» **DIRECTIONS FOR THIS TASK**
Please return the listing exactly as written, but without its pictures.

» **DATASET EXTRACT**
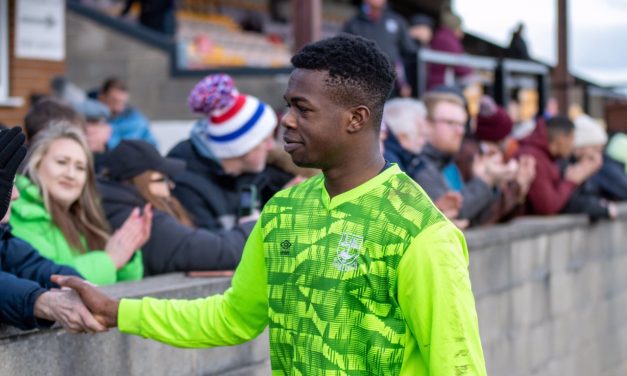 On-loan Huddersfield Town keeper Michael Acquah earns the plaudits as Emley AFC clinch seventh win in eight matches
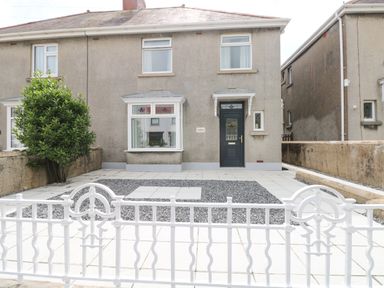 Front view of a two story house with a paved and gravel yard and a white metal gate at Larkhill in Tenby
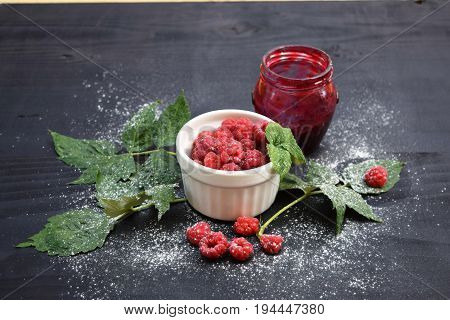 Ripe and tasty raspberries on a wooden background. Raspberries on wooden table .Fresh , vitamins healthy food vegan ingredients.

» **WRITTEN ANSWER**
 On-loan Huddersfield Town keeper Michael Acquah earns the plaudits as Emley AFC clinch seventh win in eight matches
 Front view of a two story house with a paved and gravel yard and a white metal gate at Larkhill in Tenby
 Ripe and tasty raspberries on a wooden background. Raspberries on wooden table .Fresh , vitamins healthy food vegan ingredients.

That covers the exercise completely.